Moon Taxi traveled through the Baton Rouge area last week to give an amazing performance for their local fans, old and new. The Nashville natives, who are known for their live shows, definitely lived up to their reputation with pulsating instrumental breaks and matching lighting effects. The seasoned performers have been featured on The Late Show with David Letterman and Conan, as well as performing at Bonnaroo and Wakarusa. They are also scheduled to attend Lollapolooza and Austin City Limits later this year.

The band opened with Pink Floyd’s, “Brick in the Wall,” which instantly grasped the audience’s attention and sustained it throughout the night. The crowd immediately started singing along with Trevor Terndrup, lead singer for Moon Taxi, and never stopped. “All Day and All Night,” from Moon Taxi’s third album, Daybreaker, was next. Its catchy lyrics and upbeat melody, like many of the other songs in Moon Taxi’s set, kept the crowd engaged throughout the night. Long instrumental solos from drummer, Tyler Ritter, and guitar player, Spencer Thomson, drove the crowd wild and took us on a rollercoaster journey of sound with constant pulsating rhythms.

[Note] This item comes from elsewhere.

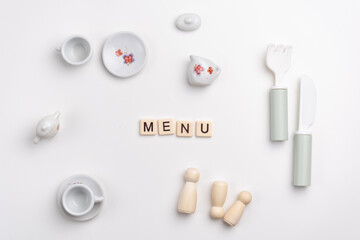 Flat lay of cute porcelain cups and saucers, fork, knife and peg dolls on white background. MENU written with tile letters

The next song, “River Water,” from the group’s Mountains Beaches Cities album, slowed things down a bit and took the crowd to a night on the river bank. The green and blue lights gave the feel of an actual river side party. Everyone was singing and “dancing in the river water,” as the titled lyric goes. The repetitive nature of the song had a calming effect on the crowd, until the instrumental bridge that brought it up again. These instrumental bridges were a constant theme throughout the show, which kept the crowd engaged and interactive throughout the set. A great example of one of those interactive songs was “Whiskey Sunset,” from Moon Taxi’s debut album, Cabaret. The crowd knew instantly which song was playing before any of the lyrics were ever sung.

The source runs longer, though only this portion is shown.